In what was seen as a preemptive strike in the face of a weakening economy, Gov. Rendell yesterday ordered an array of austerity measures aimed at saving $200 million from this year's state budget.
Rendell put into effect an immediate hiring freeze and a ban on all out-of-state travel by state workers and officials. He directed cabinet secretaries to trim their budgets by 4.25 percent but stressed that spending on public safety, health, social services and education would not be affected.
Rendell said the moves were needed to maintain a balanced budget as the weakening national economy starts to affect Pennsylvania. Money saved will be placed into a reserve fund, he said.
"To make sure the commonwealth's budget remains in balance, we need to reduce spending now," Rendell said.
The hiring freeze will leave about 5,000 vacant state jobs unfilled, said Rendell. The travel ban applies to state employees, board members and commissioners.
David R. Fillman, executive director of Council 13 of the American Federation of State, County and Municipal Employees, which represents some state workers, said: "We're pleased that the governor is looking forward, to try to put some type of surplus in place. We do want to see what kind of a hiring freeze that is, and what type of positions would be frozen."
Fillman pointed out that Rendell's order did not call for layoffs, as has happened in other states that are facing economic stresses.
Rendell's order was not meant to fill a gap in the $28 billion state budget, but was a precaution to ensure that the state does not incur a deficit for the 2008-09 fiscal year, a spokesman said.
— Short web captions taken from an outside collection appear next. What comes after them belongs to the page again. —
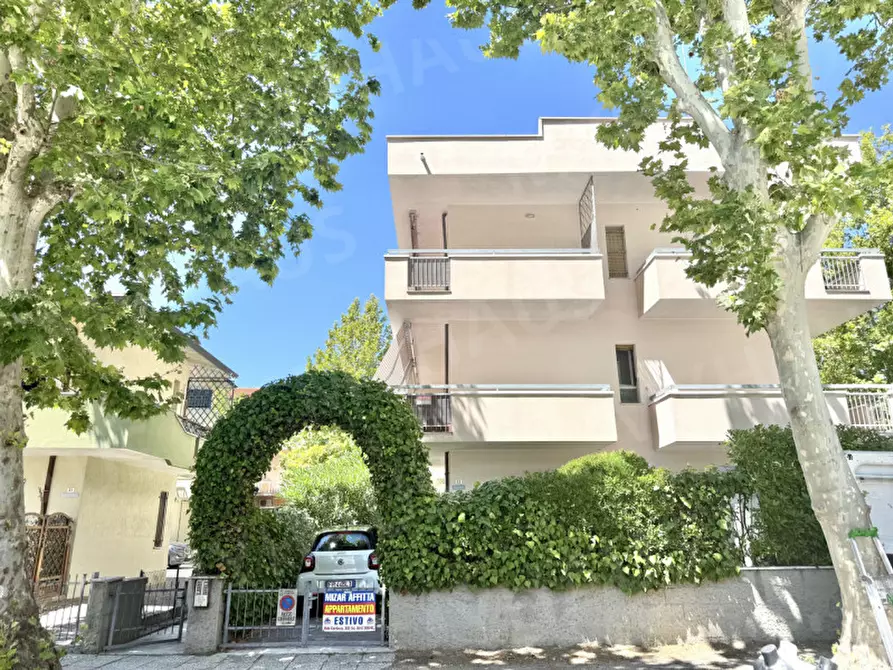 Immagine 31 di Appartamento in vendita  in Viale Andrea Mantegna, 23 a Cesenatico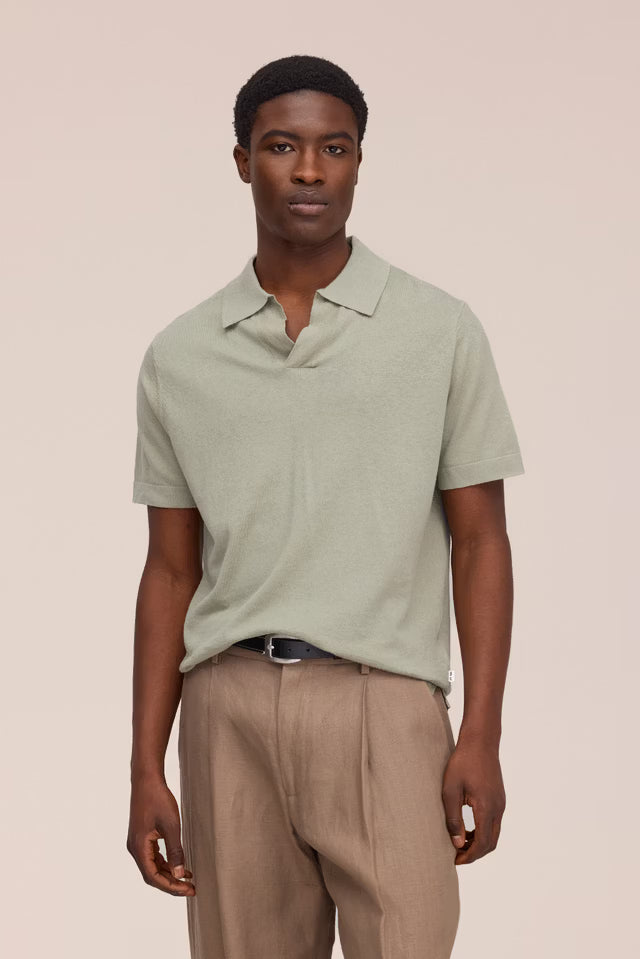【新品未使用】Nala Polo knit Ryan Knitted Linen Blend Polo - Sage Green | NN.07 – Q. Contrary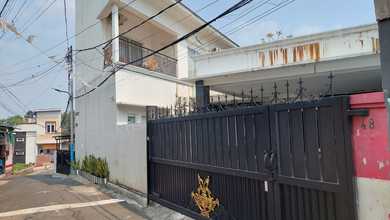 Rumah Cantik 2 Lt Ciracas Termurah Jarang Ada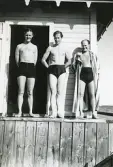 På Bellanders brygga, Norrlandet. 1944 (enligt text i album). Text baksida kort:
The announcement of the tightening moves came in a statement released late yesterday by the Governor's Office, and followed two days of volatility in the stock market and uncertainty on Wall Street.
Pennsylvania's unemployment rate rose to 5.4 percent in July, and revenue collections through August are 3.3 percent below projections.
That sluggish trend is continuing, based on collections for the first two weeks of September, Rendell said.
The current budget draws heavily on one-time dollars from tapped surpluses and relies on the state's postponing certain payments. Senate officials in July projected that a $1 billion deficit could pile up in the next 12 months and force additional cuts or tax increases.
"I know these changes will make it harder for our agencies to do the excellent work they do each day for the citizens of Pennsylvania, and they will place an even greater burden on our dedicated commonwealth workforce," Rendell said in the statement, "but I am asking all commonwealth employees to pull together during this difficult time. We are making these adjustments to safeguard the commonwealth's financial stability in the coming months."
According to Rendell's release, 13 other states are reporting new budget shortfalls just two months after enacting budgets.